## [WHAT IS EXPECTED]
Copy the records below exactly, starting at the line that contains "惊艳红衣女生头像唯美古风真人头像" and ending at the line that contains "Exemple d'assemblage du"; leave out any pictures.

[[ DATASET EXTRACT, beginning ]]

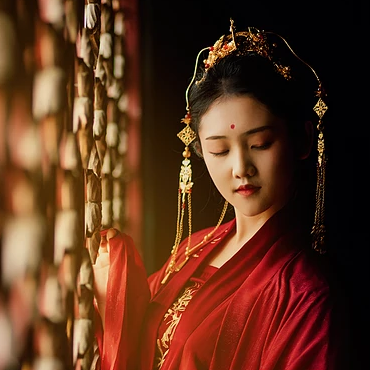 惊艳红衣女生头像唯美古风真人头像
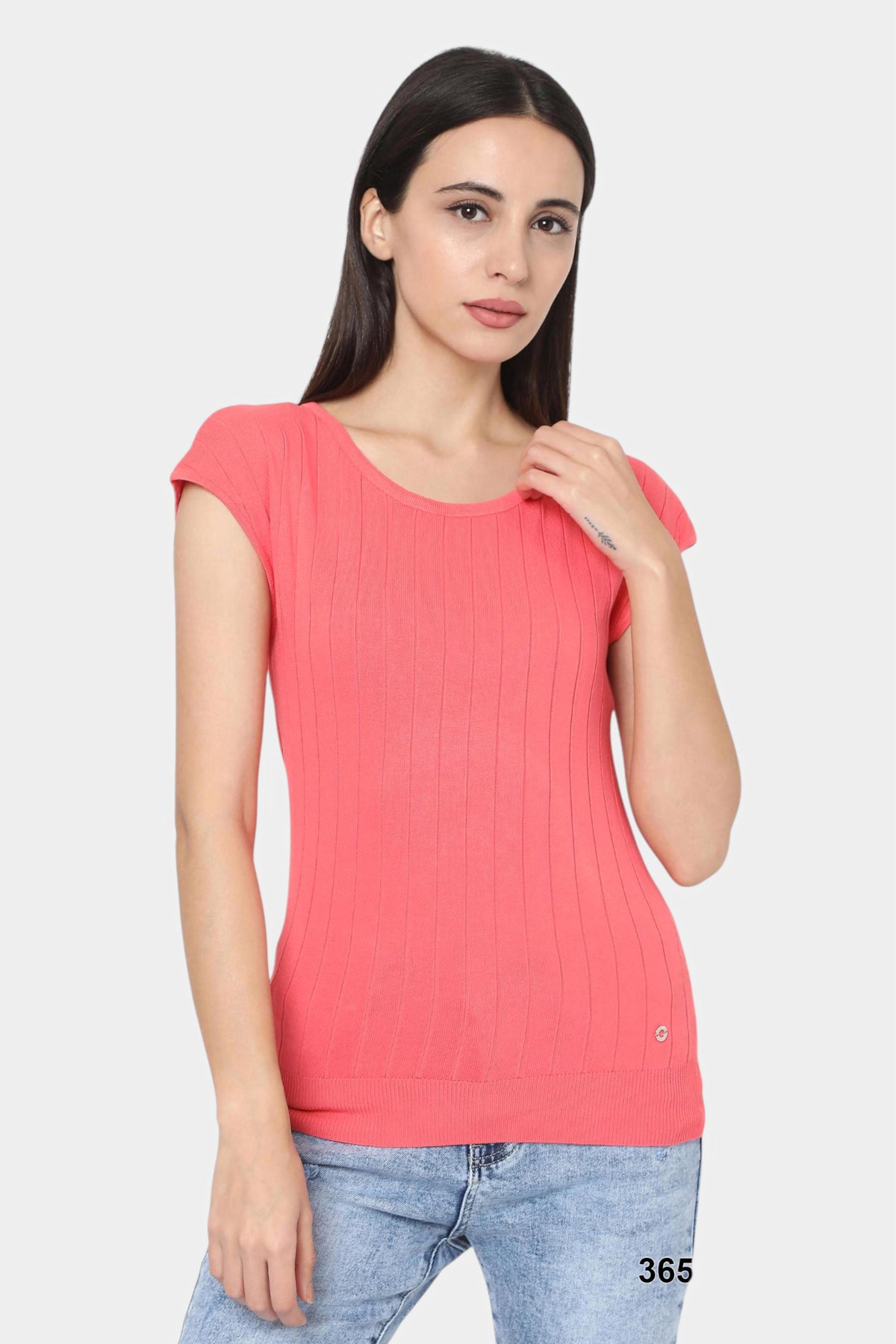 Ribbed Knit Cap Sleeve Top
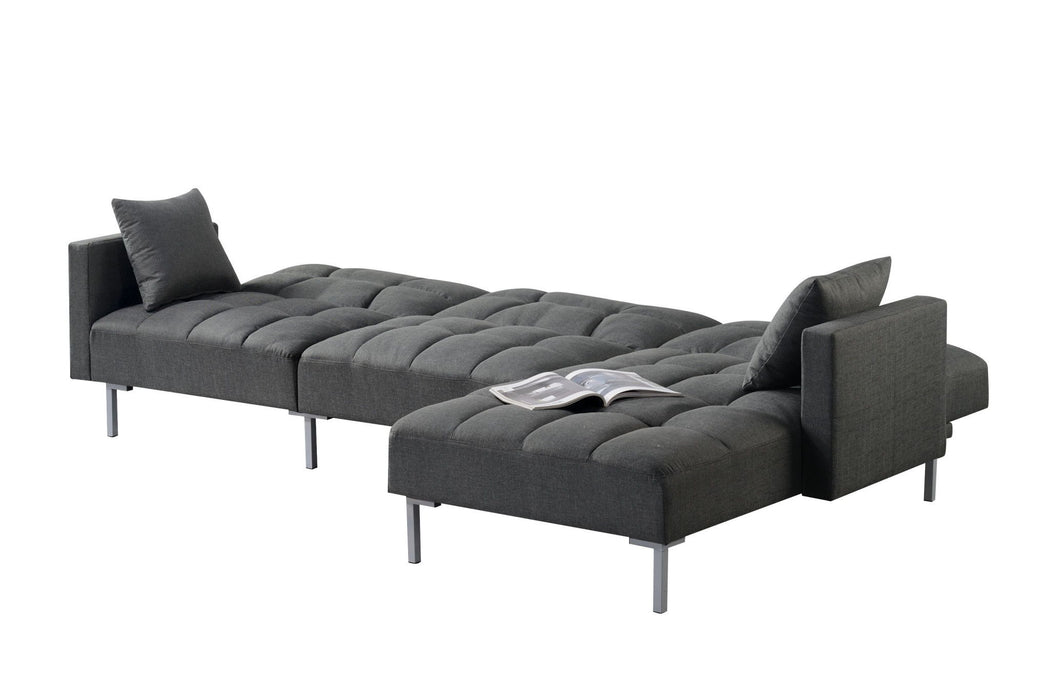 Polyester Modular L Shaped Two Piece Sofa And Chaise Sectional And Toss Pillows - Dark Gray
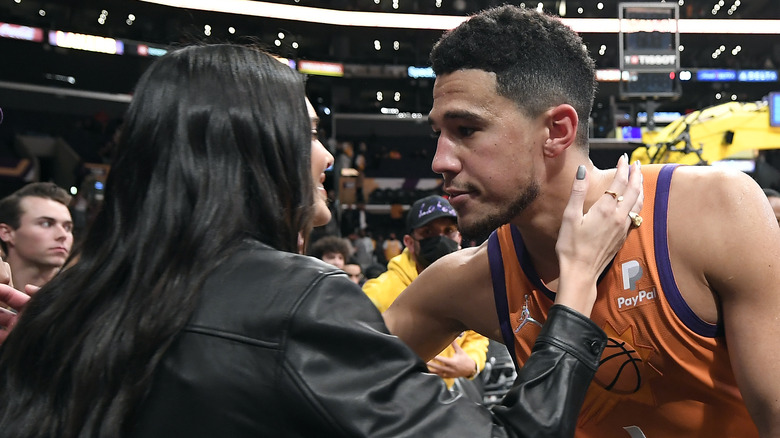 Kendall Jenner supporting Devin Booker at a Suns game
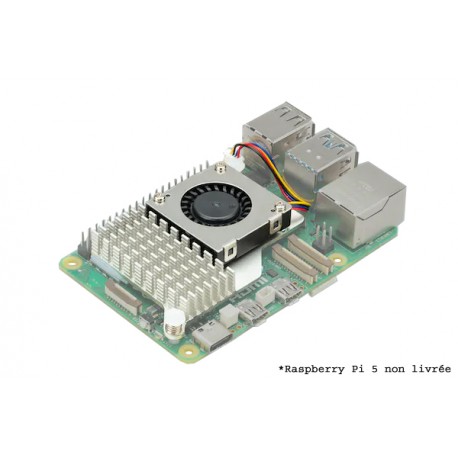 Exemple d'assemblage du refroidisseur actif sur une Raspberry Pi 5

[[ DATASET EXTRACT, end ]]
[[ DATASET EXTRACT, beginning ]]

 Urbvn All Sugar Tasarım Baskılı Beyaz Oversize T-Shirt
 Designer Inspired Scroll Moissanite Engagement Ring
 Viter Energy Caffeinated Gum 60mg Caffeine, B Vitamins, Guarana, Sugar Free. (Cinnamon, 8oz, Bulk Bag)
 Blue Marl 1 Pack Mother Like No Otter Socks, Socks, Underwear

[[ DATASET EXTRACT, end ]]
[[ DATASET EXTRACT, beginning ]]

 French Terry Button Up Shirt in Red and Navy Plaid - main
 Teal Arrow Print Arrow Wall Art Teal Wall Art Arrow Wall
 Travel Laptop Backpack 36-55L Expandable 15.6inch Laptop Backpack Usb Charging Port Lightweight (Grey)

[[ DATASET EXTRACT, end ]]

## [OUTPUT BELOW]
 惊艳红衣女生头像唯美古风真人头像
 Ribbed Knit Cap Sleeve Top
 Polyester Modular L Shaped Two Piece Sofa And Chaise Sectional And Toss Pillows - Dark Gray
 Kendall Jenner supporting Devin Booker at a Suns game
 Exemple d'assemblage du refroidisseur actif sur une Raspberry Pi 5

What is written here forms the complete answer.